### WHAT IS EXPECTED
Reproduce the whole listing exactly, omitting any picture it holds.

### DATA SECTION
**********

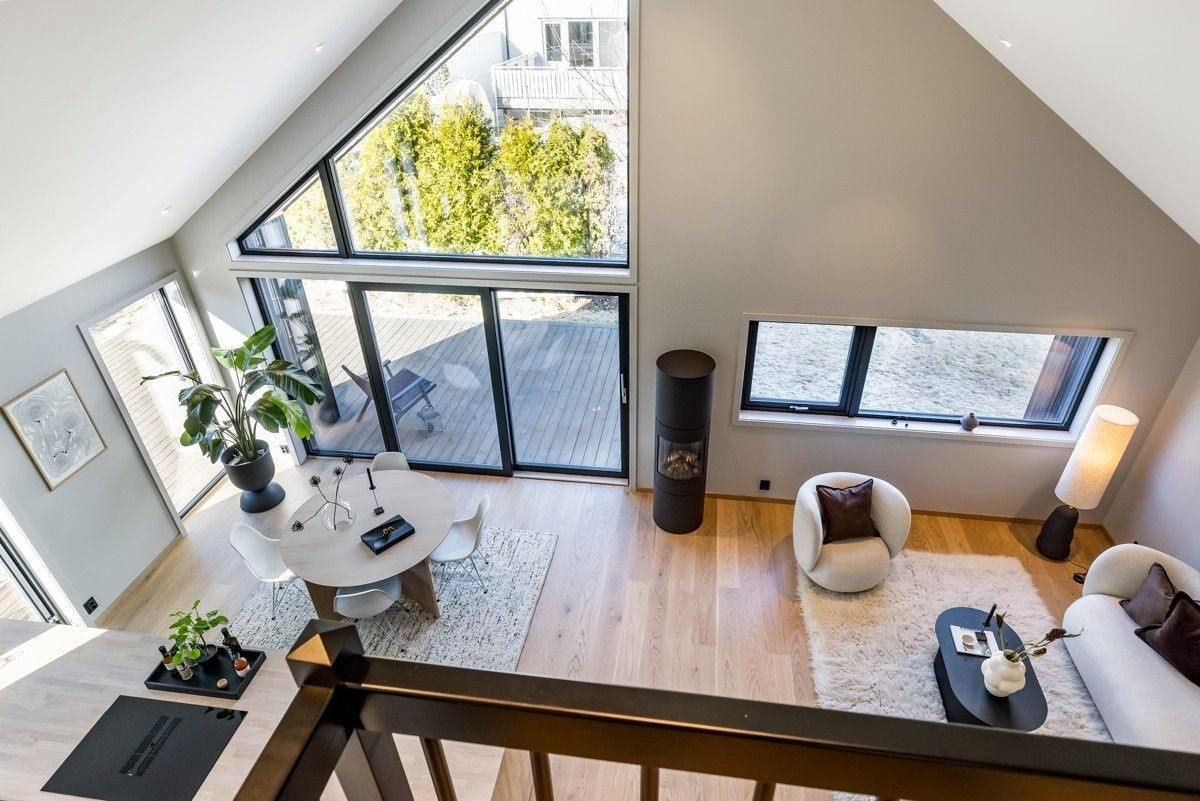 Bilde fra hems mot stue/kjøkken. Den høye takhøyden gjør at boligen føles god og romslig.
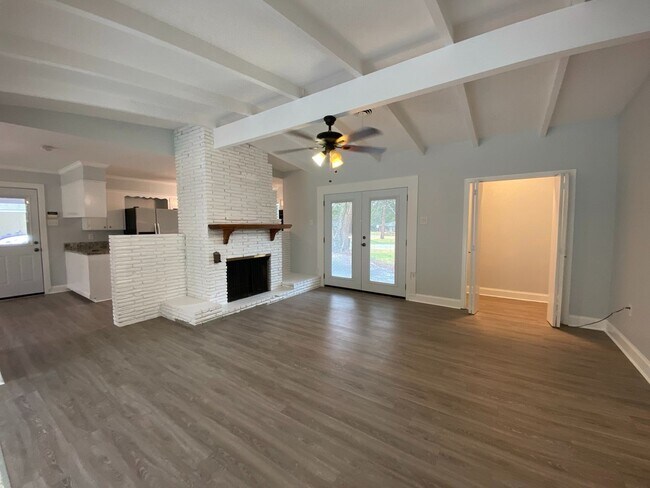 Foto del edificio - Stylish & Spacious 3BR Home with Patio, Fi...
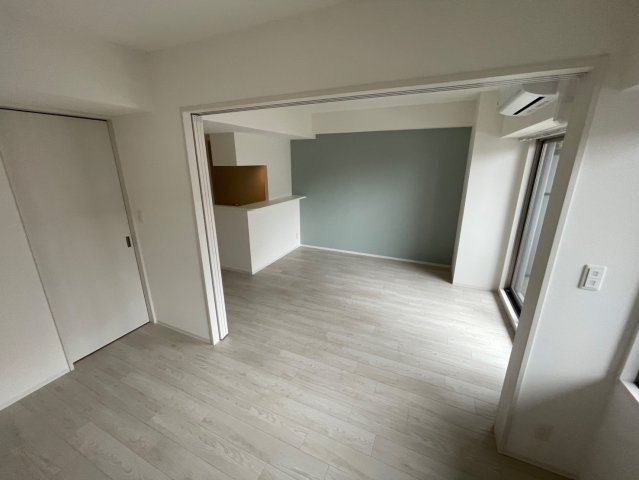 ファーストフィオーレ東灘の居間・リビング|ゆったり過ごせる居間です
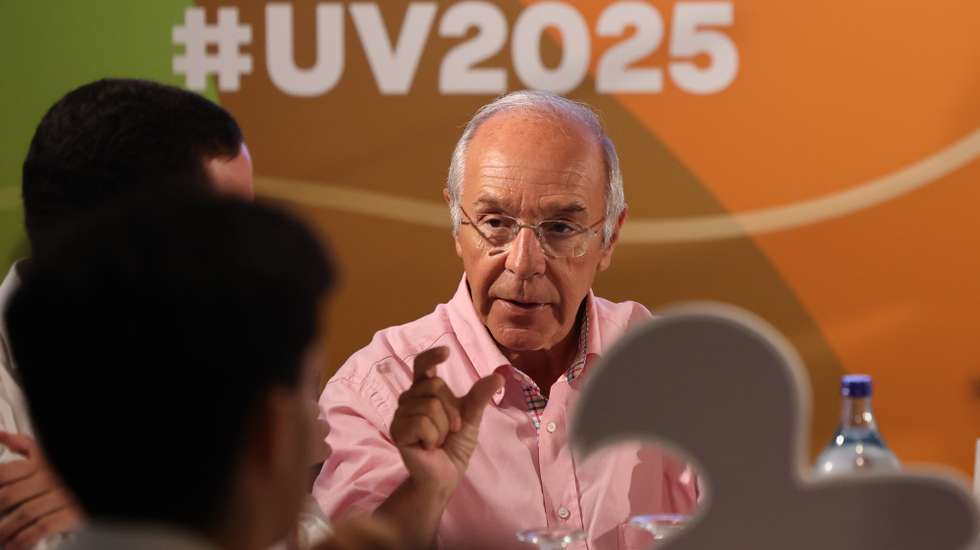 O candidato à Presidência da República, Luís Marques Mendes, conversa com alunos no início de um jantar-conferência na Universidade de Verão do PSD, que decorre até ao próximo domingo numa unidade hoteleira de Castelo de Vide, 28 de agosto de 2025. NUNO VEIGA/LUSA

**********

### EXPECTED OUTPUT
 Bilde fra hems mot stue/kjøkken. Den høye takhøyden gjør at boligen føles god og romslig.
 Foto del edificio - Stylish & Spacious 3BR Home with Patio, Fi...
 ファーストフィオーレ東灘の居間・リビング|ゆったり過ごせる居間です
 O candidato à Presidência da República, Luís Marques Mendes, conversa com alunos no início de um jantar-conferência na Universidade de Verão do PSD, que decorre até ao próximo domingo numa unidade hoteleira de Castelo de Vide, 28 de agosto de 2025. NUNO VEIGA/LUSA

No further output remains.